The Agile Architecture Guide (part 1: Product Development)

Introducing A New Organisation to Agile Product Development

As the new CTO, Chief Product Owner, Chief Architect, Lead Engineer or just natural leader it may be your responsibility to introduce an Agile way of working to a new Organisation. We are going to walk through the common steps to successfully introduce Agile methodology and we are going to do it using the most suitable place to introduce Agile which is the launch of a new Product.

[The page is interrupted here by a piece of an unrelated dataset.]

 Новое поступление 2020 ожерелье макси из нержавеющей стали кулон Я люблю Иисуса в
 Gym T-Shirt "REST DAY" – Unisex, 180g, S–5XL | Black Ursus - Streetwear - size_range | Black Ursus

I have worked in multiple companies, like BT, Bupa & Vodafone, who have tried multiple times to introduce Agile or one of its familial methodologies. These have varies in success and reach but the thing that most concentrates an organisation is the launch of a new product. This can range from SIM only propositions at Vodafone, 5G network releases at BT and dynamically priced PAYG treatments at Bupa. In each of these cases the product was a massively complex project that could not be delivered without breaking it down into its component parts. Also no one single individual could envisage all the necessary change required and what the end state will actually look like. These products lend themselves to Agile delivery.

I am quite loyal to Atlassian Products so I will be referencing Confluence and Jira liberally in this guide.

Starting with the Product Brief

There are multiple different product brief frameworks and templates available on the internet. Some it’s just easier to search by image to find what you’re looking for. However I have included some templates I have used before as examples.

The core concept of the product brief is that it literally must be brief. It is the elevator pitch of product opportunities. It’s not a manifesto or unchangeable constitutional document that defines the product going forward but the gist of what the product may be. It can be rejected very early on so don’t invest too much effort in it. Though I always recommend keeping a personal record of all your ideas.

The following sections describe the use of PowerPoint and Atlassian Confluence for documenting Product Briefs. Each have their own benefit.

A Simple PowerPoint Product Brief Template

I generally avoid using static documentation tools as they represent a pre-internet way of thinking. Product Briefs however fit quite well in a single slide PowerPoint template. The latter Confluence example is more complex, but a single page can capture the concept of the product.

The Brief template should always first capture the Product or Service Vision. This should be a concise description of the innovation (often the technology) and the benefit which it will bring.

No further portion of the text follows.